New features
=====================

Added support for OpenCL acceleration
--------------------------------------

StreamComputing (http://www.streamcomputing.eu) has implemented OpenCL
support for the short-ranged non-bonded interaction accleration
features previously accelerated in GROMACS with CUDA. Supported OpenCL
1.1 devices include GCN-based AMD GPUs, where performance is good, and
NVIDIA GPUs, where performance with PME is currently not
good. Currently only a one-to-one mapping of PP ranks to GPUs is
supported (ie. with thread-MPI). With real MPI, only one PP rank per
node (and thus one GPU) is supported.
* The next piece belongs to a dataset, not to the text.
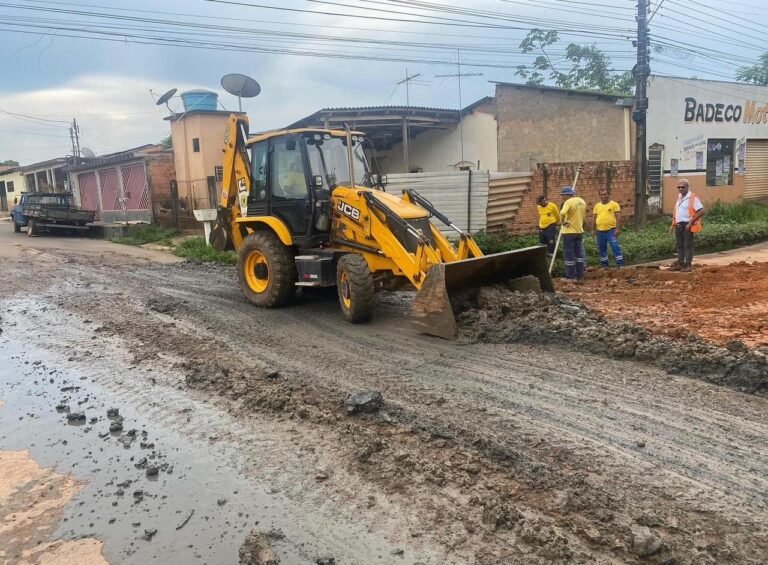BAIRRO CASTANHEIRA – Recuperação de drenagem é realizada pela Semob a pedido do vereador Edimilson Dourado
We expect to be able to improve
support and performance in future GROMACS versions.


Added support for inter-molecular bonded interactions
-----------------------------------------------------

The .top file can now contain an ``[ intermolecular_interactions ]``
directive, after which bonded interactions can be entered using
global atom indices. See the topologies chapter in the reference
manual for details.


Added flat-bottomed potential to pull-coordinate types
------------------------------------------------------

Allowed pull groups of 1 atom with mass 0
------------------------------------------------------------


Unless constraint pulling is used, a pull group consisting of 1 atom
can have mass 0, since the mass of the COM is irrelevant. This is
useful for pulling on a virtual site.


Changed the way pull directions are selected
--------------------------------------------

Pull types and geometries are now selected on a per-coordinate basis,
so that different pull coordinates can have different pull types and
geometries. The ``pull`` .mdp option now takes simply ``yes`` or
``no``, and ``pull-coord1-type`` and ``pull-coord1-geomtry`` play
the role of the old ``pull`` and ``pull-geometry`` options.


Improved pull geometry cylinder
-------------------------------

Cylinder geometry now uses a smooth radial weight function and adds
radial forces so it now conserves energy.  :issue:`1590`.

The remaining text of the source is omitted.